We’re on the beach dining with a small group, and my wife briefly turns away from a nearby conversation, leans over and kisses me. It’s a quick, passionate strike. There’s meaning behind this rum-punch smooch. Was she caught up in this atmospheric moment? You tell me: White linen tablecloths and candles adorn the table; wine chills with the private server nearby; tiki torches light our corner of the abandoned beach; and above us the Milky Way looms like a romantic sentry. With our feet buried in the cool nighttime sand, I whisper a one-word question to her: “Happy?” She is, and we are—Cap Juluca, Anguilla’s revitalized gem, has us under her spell.
I’ve always believed that life—and especially marriage—is filled with a series of memorable snapshots. During three days at this 179-acre haven, our mental photo album overflows. The beachfront property, a member of The Leading Hotels of the World, is a favorite among Hollywood celebs as well as jet-setting moguls. The resort has benefited greatly from a $15 million refurbishment project that began in 2012 and is still ongoing.
All guest rooms and villas, public spaces and all three resort restaurants received design updates, detail work, new furnishings and decor. Landscaping was updated with 60,000 new flowering plants, and kitchens and other “back of house” service areas were refreshed and modernized as well. By meshing together improvements that can be readily seen and those that stay behind the scenes, Cap Juluca’s overall easy, luxurious vibe is now more seamless than ever.

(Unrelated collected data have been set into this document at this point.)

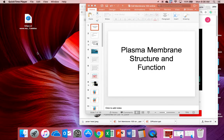I just wanted to briefly review the plasma membrane. The plasma membrane is the outer part of the cell — basically the city limits of a city. Here's the plasma membrane, and here are a few structures and functions.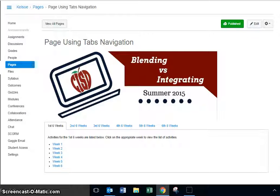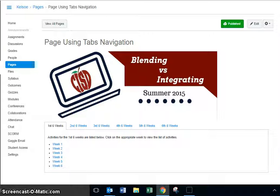The question has come up: when using the tabs navigation, the first six weeks always tends to be the one that opens up. Now that we've started in the second six weeks, is there a way to change it so the second six weeks opens up? The answer to that is yes and no.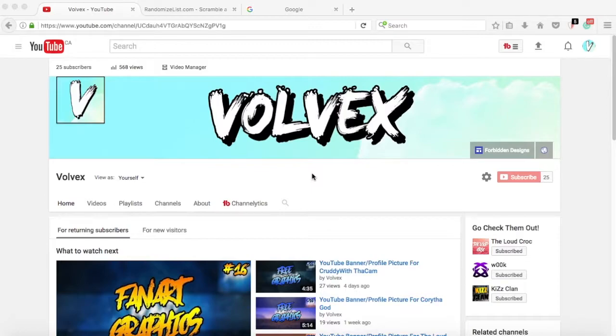Thank you very much for 25 subscribers guys. Awesome. Thank you. I hope we can keep on growing and make it to the top one day.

Besides the billowing cabanas and pop-up bar oases, the property’s pristine mile-long beach hasn’t changed much for thousands of years. The island was occupied in 1500 B.C. by a tribe of Amerindians known as the Arawak, who hailed from South America. Cap Juluca, or “rainbow,” gets its name from the Arawak.
The 15 villas housing 70 guest rooms showcase domed and terraced white-washed Greco-Moorish architecture. Each room faces the Caribbean and features a private covered terrace and floor-to-ceiling louvered plantation shutters for additional evening privacy. “I know every inch of every room, and I want guests to fall in love with this stretch of beach the way I did nearly 25 years ago,” says Linda Hickox, who, along with her husband, Charles Hickox, opened the property in 1988.
Linda, one of my dinner companions on the crescent-shaped Maundays Bay beach, understands the essence of providing a luxurious getaway and fine-tunes everything from decor to activities to assure a curated experience. The owner and her staff figure that the one-size-fits-all resort is a relic of the Caribbean’s past; the watchword of customization reigns here, from private dining on the beach to exploring off-the-beaten path beaches with nothing but an affable local guide, a snorkel and a cooler packed with icy Red Stripe lagers.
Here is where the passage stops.